Determinism in performance is a key property to strive for. This objective has multiple aspects. Scheduling of processes running on cores should be based on static schedules instead of dynamically scheduling them at runtime. The use of shared resources should also be deterministic. This means, for example, intercore communication, common caches, and memory controllers. For systems that have strict reliability requirements this is an important property and in particular important to achieving reliable real-time performance.

One approach to improve reliability is to carefully divide the available caches. Some areas of caches can be reserved for instruction while others contain only data. Caches used by multiple cores can be segmented for those cores and similarly different processes can have their own predesignated cache areas. Specific cache areas can be allocated for intercore communication so that only one core, process or other entity has write permission. These approaches reduce risk of conflicts on resource use and scheduling problems resulting from cache misses. Also, with such a strict approach the risk of memory corruption is reduced. The memory controller providing access to main memory is also a shared resource and it can become a bottleneck for maintaining availability of needed data in the caches and worst case performance should be evaluated.

Asymmetric multi-core processing has less interaction between cores and is the recommended approach over symmetric multi-core processing where an operating system schedules the use of the cores and other resources. Downside is the increased complexity due to the need for a hypervisor level in the architecture, that is, the result is more but simpler layers.

If the computational load is sufficiently small, using just one of the cores can be an option. This simplifies the structure of computations significantly. If the future trends go towards processors with a large number of simple cores instead of just a few (or a few dozen) more versatile ones, using just one processor core that behaves like a scalar processor may be a very good choice in safety related NPP systems. The SWaP advantages are not as important as in fields like aviation and automotive industry. Instead, laborious design and V&V activities needed to produce and licence a system or platform have greater importance. Furthermore, the available resources and computing power make it easier and more tempting to run several functions on the same hardware but this makes the system more susceptible to common cause failures.
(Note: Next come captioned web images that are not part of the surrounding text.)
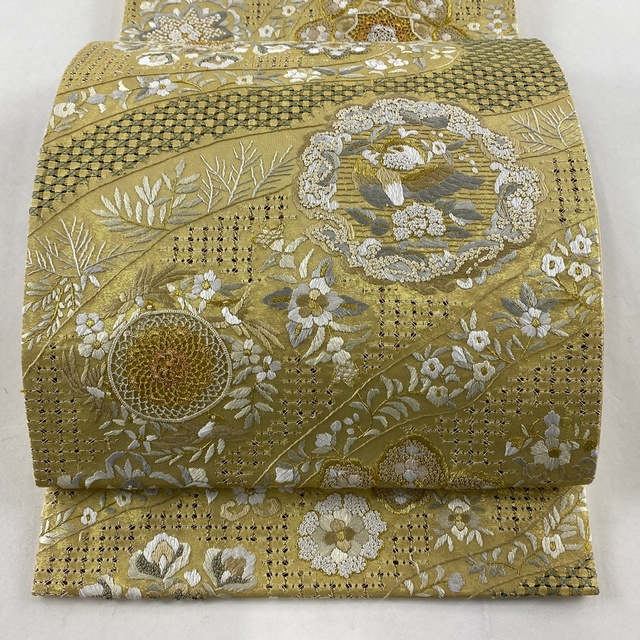 袋帯 正絹 六通 逸品 rodgersyachtsales.com
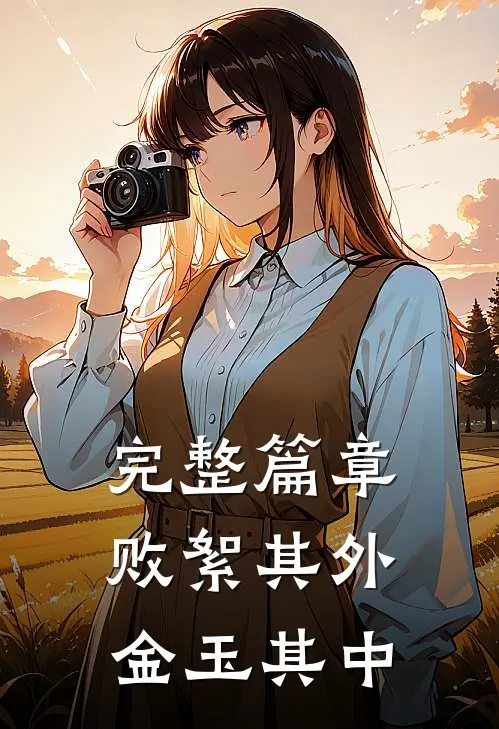 完整篇章败絮其外，金玉其中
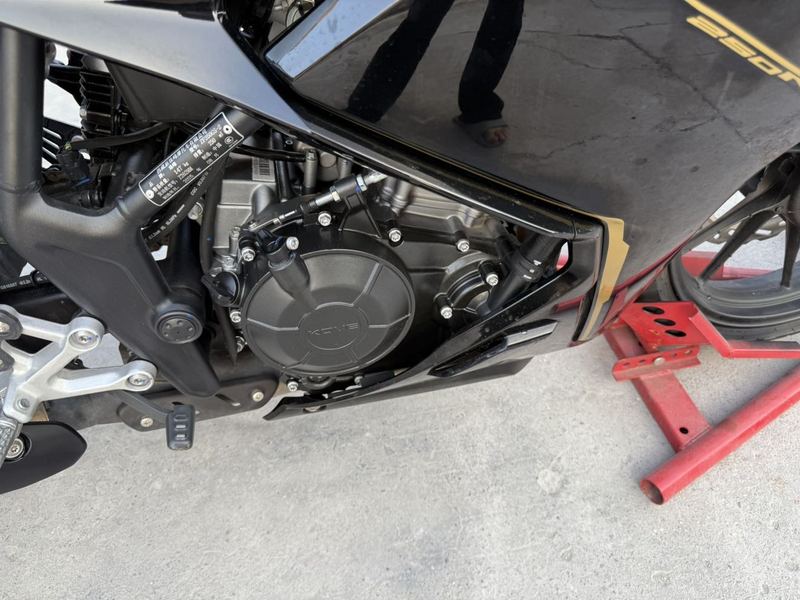 二手凯越250RR 刺鸟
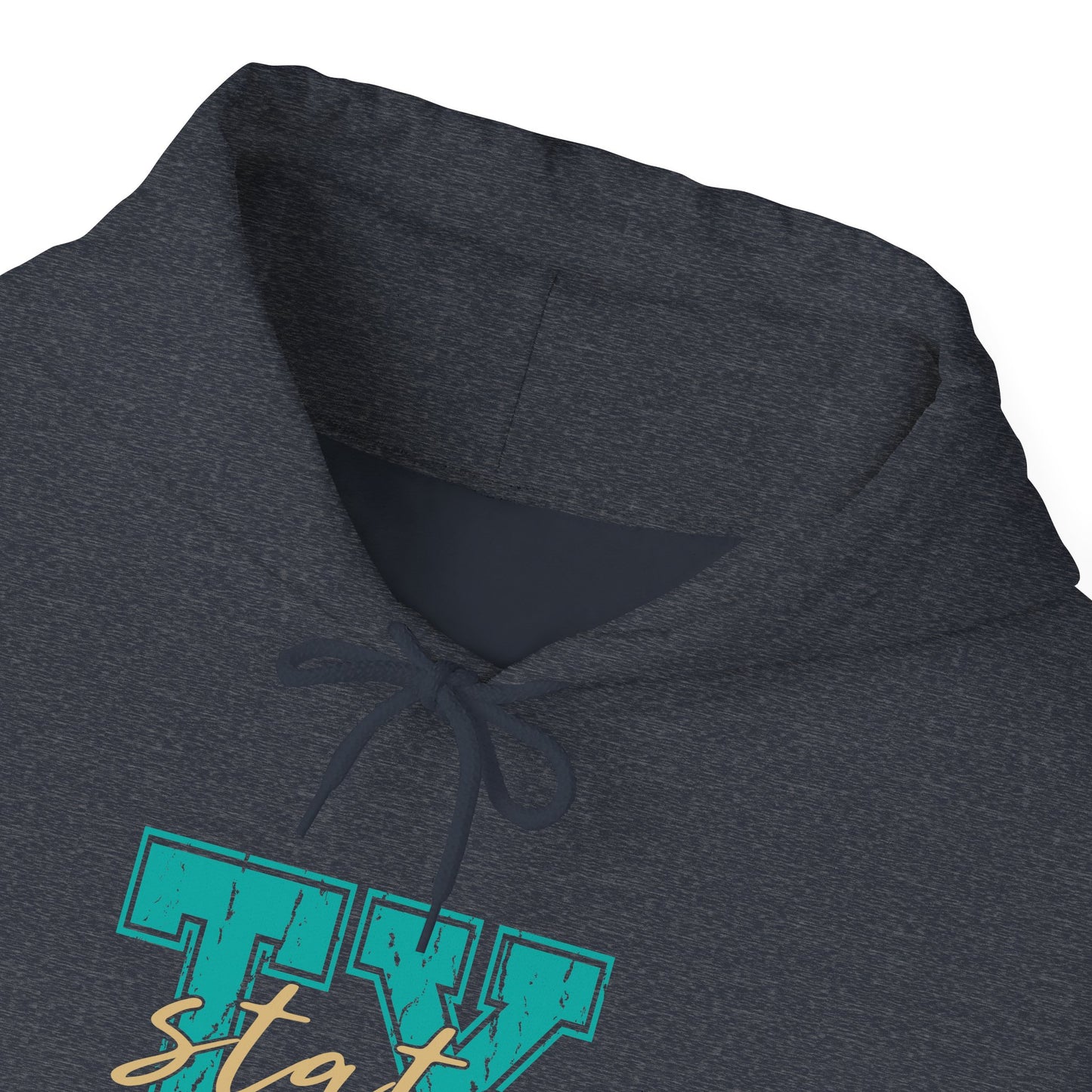 TX State Unisex Heavy Blend™ Hooded Sweatshirt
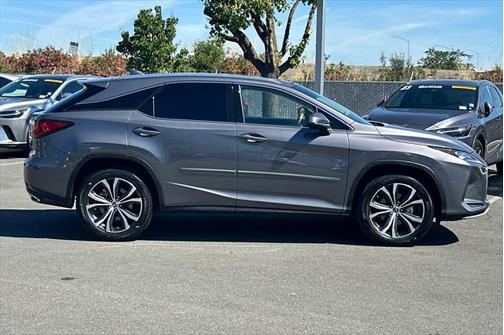 2022 Lexus RX 350 Base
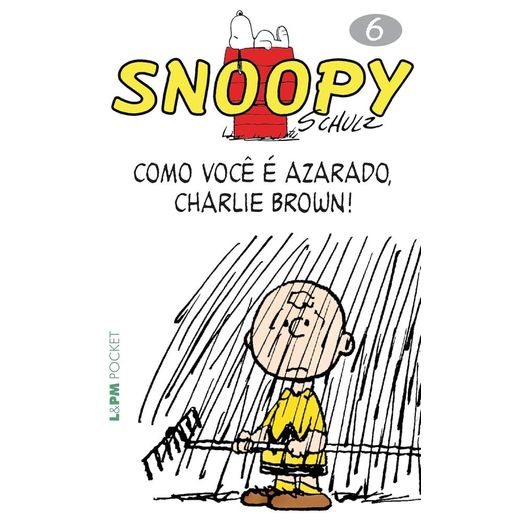 Snoopy 6 - 697 - Lpm Pocket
Running multiple cores in lockstep is another way to keep the situation more orderly and transparent. This approach also facilitates detection of hardware malfunctions by running multiple copies of the same process on different cores and comparing the results, for example, triple modular redundancy. Design errors can be detected by using different versions or designs in parallel.



#### References

- Blake, G., Dreslinski, R., Mudge, T., 2009. A Survey of Multicore Processors, IEEE Signal Processing Magazine, pp. 26-37.
- Fuchsen, R., 2010. How to Address Certification for Multi-core Based IMA Platforms: Current Status and Potential Solutions, 29th Digital Avionics Systems Conference.
- Hilbrich, R., Goltz, H.-J., 2011. Model-based Generation of Static Schedules for Safety Critical Multi-core Systems in the Avionics Domain, International Workshop on Multicore Software Engineering, IWMSE'11, pp. 9-16.
- Kästner, D., et al., 2012. Meeting Real-Time Requirements with Multi-core Processors, SAFECOMP 2012 workshops, pp. 117-131.
- NRC, 2009. Instrumentation and Controls in Nuclear Power Plants: An Emerging Technologies Update, NUREG/CR-6992.
- Ranta, J., 2012. The Current State of FPGA Technology in the Nuclear Domain, VTT Technology: 10.
- Reichenbach, F., Wold, A., 2010. Multi-core Technology Next Evolution in Safety Critical Systems for Industrial Applications, 13th Euromicro Conference on Digital Systems Design: Architectures, Methods and Tools, pp. 339-346.
- Villalpando, C., Rennels, D., Some, R., Cabanas-Holmen, M., 2011. Reliable Multicore Processors for NASA Space Missions, Aerospace Conference, 2011 IEEE, pp. 1-12.